Ellinor era desconcertante. Maj-Britt no se explicaba de ninguna manera tanta amabilidad, que, además, no cedía por cuestionable que fuese su conducta. Tenía motivos de sobra para abrigar sospechas, porque algo debía de esperar Ellinor a cambio. Era como uno de esos sueltos publicitarios que le echaban por el buzón, a veces impresos con letras ornamentales, como si sólo se lo hubiesen enviado a ella. «Querida Inga Maj-Britt Pettersson, nos complace ofrecerte este fantástico producto.» Cuanto más ventajosa parecía la oferta, tanto mayor era el motivo de sospecha. Cuidadosamente oculto en la profusión de amables fórmulas existía siempre un inconveniente y, cuanto más difícil de detectar, más razón había para ser cauto.

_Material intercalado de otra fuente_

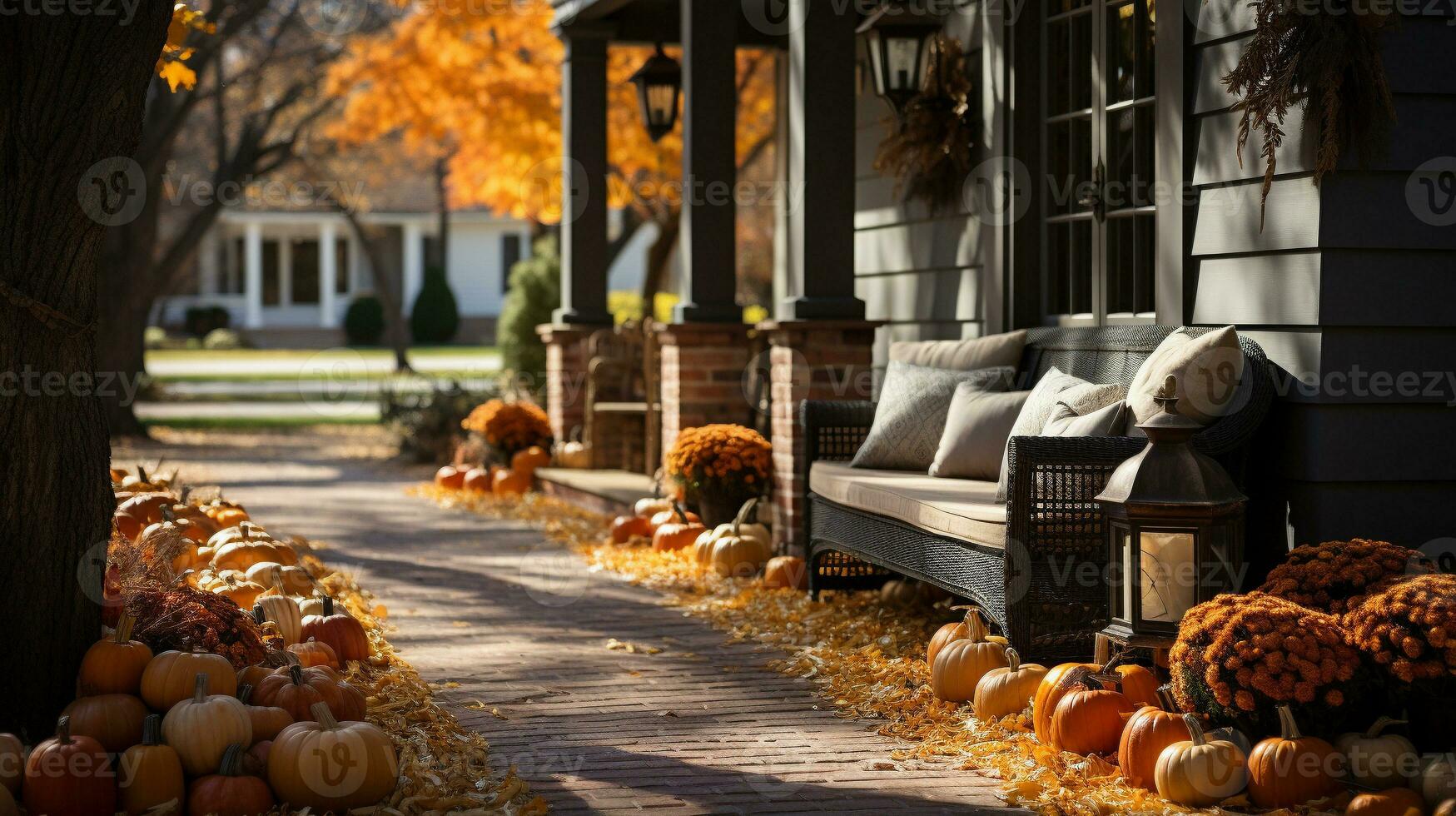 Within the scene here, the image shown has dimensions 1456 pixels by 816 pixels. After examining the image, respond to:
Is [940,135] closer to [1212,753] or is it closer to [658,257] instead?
[1212,753]

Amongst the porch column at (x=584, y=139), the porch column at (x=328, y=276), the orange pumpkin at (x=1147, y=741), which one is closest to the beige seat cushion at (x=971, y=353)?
the orange pumpkin at (x=1147, y=741)

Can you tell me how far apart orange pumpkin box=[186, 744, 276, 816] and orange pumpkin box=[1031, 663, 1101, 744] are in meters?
1.98

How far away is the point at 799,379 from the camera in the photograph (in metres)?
6.86

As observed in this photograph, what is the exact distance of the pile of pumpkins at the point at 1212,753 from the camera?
11.0 ft

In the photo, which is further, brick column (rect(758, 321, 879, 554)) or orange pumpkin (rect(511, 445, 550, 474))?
orange pumpkin (rect(511, 445, 550, 474))

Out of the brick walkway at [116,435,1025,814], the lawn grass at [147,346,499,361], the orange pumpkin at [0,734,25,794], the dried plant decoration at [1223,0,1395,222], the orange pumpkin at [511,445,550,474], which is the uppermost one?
the dried plant decoration at [1223,0,1395,222]

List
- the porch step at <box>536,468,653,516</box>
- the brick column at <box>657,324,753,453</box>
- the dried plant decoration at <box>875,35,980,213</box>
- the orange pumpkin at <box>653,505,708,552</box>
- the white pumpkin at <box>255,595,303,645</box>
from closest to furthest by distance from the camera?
the white pumpkin at <box>255,595,303,645</box> → the dried plant decoration at <box>875,35,980,213</box> → the orange pumpkin at <box>653,505,708,552</box> → the brick column at <box>657,324,753,453</box> → the porch step at <box>536,468,653,516</box>

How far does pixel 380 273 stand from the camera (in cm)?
2422

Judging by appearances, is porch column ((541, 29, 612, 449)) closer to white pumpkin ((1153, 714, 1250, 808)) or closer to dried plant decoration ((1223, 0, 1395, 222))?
dried plant decoration ((1223, 0, 1395, 222))

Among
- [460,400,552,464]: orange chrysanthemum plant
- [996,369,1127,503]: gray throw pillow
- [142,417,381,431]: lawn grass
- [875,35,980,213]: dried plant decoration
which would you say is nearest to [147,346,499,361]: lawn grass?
[142,417,381,431]: lawn grass

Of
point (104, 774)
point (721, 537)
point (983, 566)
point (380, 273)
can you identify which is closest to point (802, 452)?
point (721, 537)

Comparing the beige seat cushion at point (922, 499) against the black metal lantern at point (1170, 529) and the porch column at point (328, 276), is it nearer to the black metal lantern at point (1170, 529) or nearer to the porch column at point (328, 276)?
the black metal lantern at point (1170, 529)

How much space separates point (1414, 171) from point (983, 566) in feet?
5.78

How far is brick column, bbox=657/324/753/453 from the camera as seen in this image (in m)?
8.26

Nada se hacía por pura buena voluntad. Siempre existía el interés por obtener un beneficio. Así funcionaba el mundo y todos hacían lo posible por obtener su parte.
Como ese tipo de reclamos publicitarios era Ellinor. Tenía motivos más que sobrados de desconfianza.

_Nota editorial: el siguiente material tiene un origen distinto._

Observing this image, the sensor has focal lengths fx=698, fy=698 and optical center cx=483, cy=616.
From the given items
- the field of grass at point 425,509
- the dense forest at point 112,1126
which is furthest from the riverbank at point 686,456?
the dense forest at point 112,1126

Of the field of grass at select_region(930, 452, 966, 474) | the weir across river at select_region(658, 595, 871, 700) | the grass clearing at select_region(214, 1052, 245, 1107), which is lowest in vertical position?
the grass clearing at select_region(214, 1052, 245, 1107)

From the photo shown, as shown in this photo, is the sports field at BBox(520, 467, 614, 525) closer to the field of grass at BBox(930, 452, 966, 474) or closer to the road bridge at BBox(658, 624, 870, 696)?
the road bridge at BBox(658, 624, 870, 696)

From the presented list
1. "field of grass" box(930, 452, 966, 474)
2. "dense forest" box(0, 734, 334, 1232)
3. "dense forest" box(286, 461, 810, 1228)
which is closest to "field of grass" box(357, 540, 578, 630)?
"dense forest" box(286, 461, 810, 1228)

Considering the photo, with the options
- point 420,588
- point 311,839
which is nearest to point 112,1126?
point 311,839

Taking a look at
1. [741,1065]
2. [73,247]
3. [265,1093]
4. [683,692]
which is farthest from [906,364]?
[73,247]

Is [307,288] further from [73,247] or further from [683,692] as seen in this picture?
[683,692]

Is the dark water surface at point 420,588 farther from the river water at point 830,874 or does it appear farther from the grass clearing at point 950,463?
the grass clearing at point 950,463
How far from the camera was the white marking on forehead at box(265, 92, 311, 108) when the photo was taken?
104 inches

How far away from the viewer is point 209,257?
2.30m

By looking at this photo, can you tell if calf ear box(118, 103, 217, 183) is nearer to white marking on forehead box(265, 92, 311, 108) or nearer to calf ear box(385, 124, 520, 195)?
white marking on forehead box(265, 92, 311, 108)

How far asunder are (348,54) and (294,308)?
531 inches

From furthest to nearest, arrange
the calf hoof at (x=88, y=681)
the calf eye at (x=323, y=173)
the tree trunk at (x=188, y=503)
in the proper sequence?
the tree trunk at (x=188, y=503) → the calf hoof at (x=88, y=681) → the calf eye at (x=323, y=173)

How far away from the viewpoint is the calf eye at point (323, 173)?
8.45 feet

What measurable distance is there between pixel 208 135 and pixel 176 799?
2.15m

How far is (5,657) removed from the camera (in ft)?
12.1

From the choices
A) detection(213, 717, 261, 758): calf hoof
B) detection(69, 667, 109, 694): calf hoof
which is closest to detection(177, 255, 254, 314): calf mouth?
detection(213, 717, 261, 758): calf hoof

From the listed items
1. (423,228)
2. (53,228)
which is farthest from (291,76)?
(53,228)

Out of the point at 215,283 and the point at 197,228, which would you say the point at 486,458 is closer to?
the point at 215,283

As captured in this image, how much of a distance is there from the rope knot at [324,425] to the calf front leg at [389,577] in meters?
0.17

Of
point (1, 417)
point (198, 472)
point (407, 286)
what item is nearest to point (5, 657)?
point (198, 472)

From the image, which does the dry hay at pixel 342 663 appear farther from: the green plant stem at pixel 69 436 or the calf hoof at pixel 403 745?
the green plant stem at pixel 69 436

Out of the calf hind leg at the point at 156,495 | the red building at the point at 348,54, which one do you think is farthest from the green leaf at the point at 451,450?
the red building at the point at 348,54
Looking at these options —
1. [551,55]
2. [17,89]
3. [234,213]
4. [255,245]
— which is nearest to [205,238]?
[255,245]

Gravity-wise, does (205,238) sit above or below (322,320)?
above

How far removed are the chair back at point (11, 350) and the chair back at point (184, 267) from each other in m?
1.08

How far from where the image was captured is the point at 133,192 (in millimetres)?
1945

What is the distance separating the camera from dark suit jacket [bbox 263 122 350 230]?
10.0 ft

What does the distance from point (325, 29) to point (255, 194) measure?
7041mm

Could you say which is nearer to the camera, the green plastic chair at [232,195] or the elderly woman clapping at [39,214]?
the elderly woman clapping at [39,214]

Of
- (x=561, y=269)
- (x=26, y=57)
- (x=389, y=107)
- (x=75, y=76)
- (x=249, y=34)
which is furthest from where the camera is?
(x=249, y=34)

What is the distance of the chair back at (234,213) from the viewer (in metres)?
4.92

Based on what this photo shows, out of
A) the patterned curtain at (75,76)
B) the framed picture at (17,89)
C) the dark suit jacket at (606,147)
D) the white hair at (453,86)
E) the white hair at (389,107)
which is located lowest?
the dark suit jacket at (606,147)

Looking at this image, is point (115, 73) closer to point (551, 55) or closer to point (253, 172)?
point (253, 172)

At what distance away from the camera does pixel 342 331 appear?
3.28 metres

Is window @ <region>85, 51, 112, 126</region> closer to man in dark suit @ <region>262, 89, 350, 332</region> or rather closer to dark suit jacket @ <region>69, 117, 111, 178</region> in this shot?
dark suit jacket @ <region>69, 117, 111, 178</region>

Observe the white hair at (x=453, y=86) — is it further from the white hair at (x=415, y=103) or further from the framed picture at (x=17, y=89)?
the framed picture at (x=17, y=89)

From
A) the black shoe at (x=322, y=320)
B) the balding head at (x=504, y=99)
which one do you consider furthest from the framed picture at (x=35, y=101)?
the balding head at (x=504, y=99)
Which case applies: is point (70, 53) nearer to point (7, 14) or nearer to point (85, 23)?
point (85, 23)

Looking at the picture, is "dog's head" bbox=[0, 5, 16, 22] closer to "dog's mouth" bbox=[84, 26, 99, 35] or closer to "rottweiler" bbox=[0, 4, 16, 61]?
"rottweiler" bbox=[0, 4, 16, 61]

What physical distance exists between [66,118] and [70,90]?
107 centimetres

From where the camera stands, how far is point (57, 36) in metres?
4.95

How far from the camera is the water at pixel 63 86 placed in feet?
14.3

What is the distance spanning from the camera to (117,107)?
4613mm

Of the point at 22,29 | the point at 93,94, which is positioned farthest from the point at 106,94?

Tomó la pinza y la extendió en busca de la carta. Allí estaba, sobre la mesa, como un imán a la espera de su rendición. Ya no tenía fuerzas para seguir oponiendo resistencia. Le temblaban las manos cuando la desplegó para seguir leyendo.
…Jamás olvidaré el día en que cuestioné la fe de tu padre. Bien mirado, ahora no comprendo cómo me atreví. Acabábamos de estudiar en la escuela que el cristianismo no era la religión más grande del mundo y recuerdo que me sorprendió mucho. Si había más personas que creían en otro dios, ¡quizá ellas estuviesen en lo cierto! ¡Dios santo, cómo se enfadó tu padre! Me explicó que ese tipo de razonamientos me llevarían al infierno y, aunque no me terminé de creer lo que me dijo, me llevó mucho tiempo olvidar sus palabras. Fue la primera vez que sentí a Dios como una amenaza. Tu padre decía que todos aquellos que no reconocían a Jesucristo como hijo de Dios no serían recibidos en el reino de los cielos y a mí me habría gustado preguntarle por todos los que vivieron antes de que naciera Jesucristo. Si no era un tanto injusto para ellos, puesto que ni siquiera habían tenido la oportunidad. Pero claro, no tuve valor. Con una vez tuve bastante ese día.